Agnès Callamard, secrétaire générale d’Amnesty International, a déclaré que le refus de suspendre l’accord avec Israël « constitue une trahison cruelle et illégale du projet et de la vision européens, fondés sur le respect du droit international et la lutte contre les pratiques autoritaires, des propres règles de l’Union européenne et des droits humains des Palestiniens ».
Elle a ajouté : « Cela restera dans l’histoire comme l’un des moments les plus honteux de l’Union européenne. »
Claudio Francavilla, directeur par intérim pour l’UE de Human Rights Watch à Bruxelles, a déclaré : « Une fois de plus, les ministres de l’UE ont échoué. Aucun soutien suffisant pour des mesures de responsabilité envers Israël, échangé contre la promesse illusoire de quelques camions supplémentaires. »
Plus tôt dans la journée, Kallas avait souligné des signes positifs concernant les points de passage frontaliers, l’arrivée des camions d’aide, la reconstruction des lignes électriques et l’accès à l’eau, mais elle a ajouté : « Nous devons en voir plus pour constater une véritable amélioration pour les populations sur le terrain. » Elle a précisé que l’UE suivrait de près la mise en œuvre de l’accord avec des mises à jour bihebdomadaires aux diplomates européens.
Selon l’UE, l’accord avec Israël prévoit notamment « une augmentation substantielle du nombre quotidien de camions transportant des vivres et d’autres produits essentiels vers Gaza », ainsi que la réparation de l’alimentation électrique de l’usine de dessalement d’eau.
Kallas a indiqué que les États membres avaient discuté des options de sanctions, sans qu’elle-même ne soutienne formellement aucune proposition : « Ce sont des choix que les États membres doivent faire, » a-t-elle déclaré aux journalistes. « Nous gardons ces options ouvertes et nous sommes prêts à agir si Israël ne respecte pas ses engagements. L’objectif n’est pas de punir Israël, mais d’améliorer la situation à Gaza. »
Lundi, le ministre israélien des Affaires étrangères, Gideon Sa’ar, s’est dit confiant que l’UE ne prendrait aucune mesure : « Il n’y a absolument aucune justification. »

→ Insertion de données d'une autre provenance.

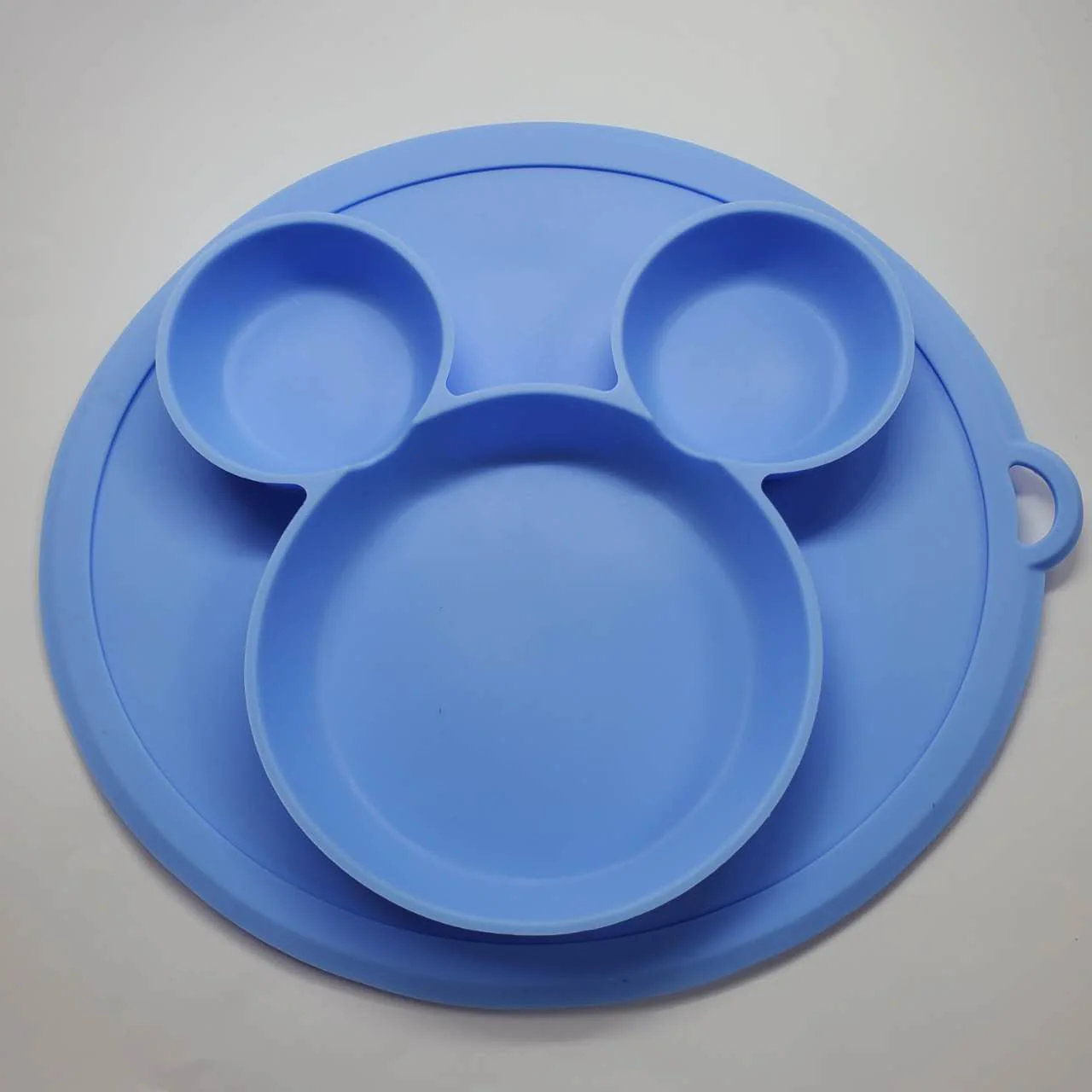 Plato 2 en 1 con divisiones de silicona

Hadja Lahbib, commissaire européenne à l’aide humanitaire, a adopté un ton plus pressant, déclarant qu’il était clair que l’accord n’était pas encore pleinement appliqué : « Mon message aux autorités israéliennes est très clair : appliquez immédiatement cet accord. Arrêtez de tuer la population. Nous avons besoin que l’aide humanitaire, nourriture, eau, carburant, atteigne les personnes dans le besoin. »

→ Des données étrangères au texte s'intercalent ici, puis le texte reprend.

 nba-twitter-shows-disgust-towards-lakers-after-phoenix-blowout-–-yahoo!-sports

Lahbib, qui a présenté l’accord aux ministres, a ajouté qu’« il est important de savoir ce que nous pourrons faire si l’accord n’est pas mis en œuvre dans son intégralité », et que la situation devra s’améliorer d’ici la prochaine réunion formelle des ministres des Affaires étrangères en octobre. « Chaque minute perdue est une vie perdue », a-t-elle conclu.